I stumbled across Blogger.com early in 2005. I don’t know how I got there. I can’t remember if I knew what blogs were exactly before that, but I spent some time looking around the site and found out that a blog was a place where I could keep an online journal that others could read. Blogger advertised it as a place where I could publish thoughts. How cool is that? I could be my own publisher.
I knew before I found Blogger that I eventually wanted to make a career out of writing. Blogger was intriguing because it made that first step—getting some of my work out there—so easy. Write, click and I am a published author. For me it sounded too good to be true. Turns out I was right.
By definition, if you have a blog, you are publishing your creation, whether it is pictures, poetry or prose, but I haven’t come to think of it that way. I want my work published, and if I am the publisher it doesn’t count. In no way has a blog made me into more of a writer than anyone else. In the blogosphere there is a common misconception that having a blog makes you a writer. The two aren’t synonymous. I am sorry, but writing just isn’t that easy and blogs have done a lot to undermine good writing. I could be undermining good writing right now. If I want to read some writing, I go to the library. Having a blog and producing a few good, honest pieces does not qualify me as a future author of a book. It doesn’t mean that I will ever be found in the “Literature” section at Borders which reminds me that it takes years, tough, dry years, to accomplish what most of the authors on those shelves have accomplished. They are my heroes. I haven’t begun to know what making a career out of writing really means, but I am sure every other author on that shelf would tell me it is very hard. I don’t think they are lying. Sometimes I wish they weren’t as brutally honest as Hemingway was when he was quoted as saying, “Real seriousness in regard to writing is one of two absolute necessities. The other, unfortunately, is talent.”

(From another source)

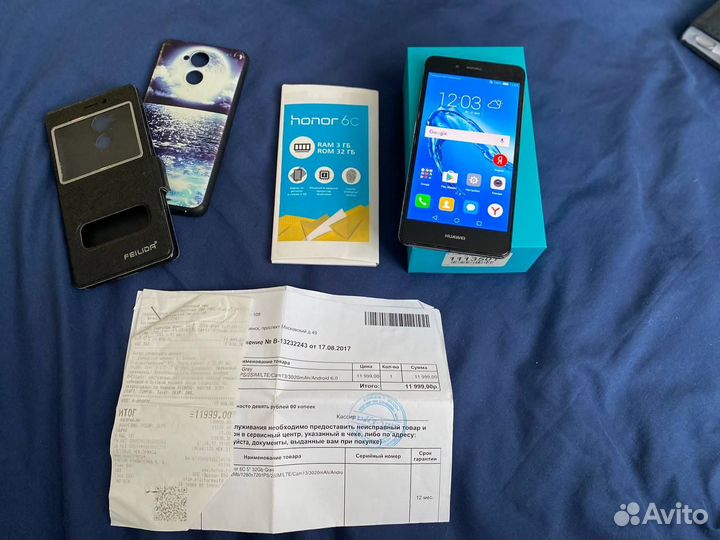 HONOR 6C, 3/32 ГБ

For many, writing has lost some of its intimidating, but attractive, allure with the invention of the blog. Everyone becomes published. Everyone writes. C’mon now, join the fad, writing is easy. I am glad that I can read about my friends’ adventures with one click of this mouse, but let’s not get carried away. These blogs don’t qualify us as writers. Heck, I chuckle every time I see the words “The Author” above my name on the sidebar of my own blog. I haven’t earned the title.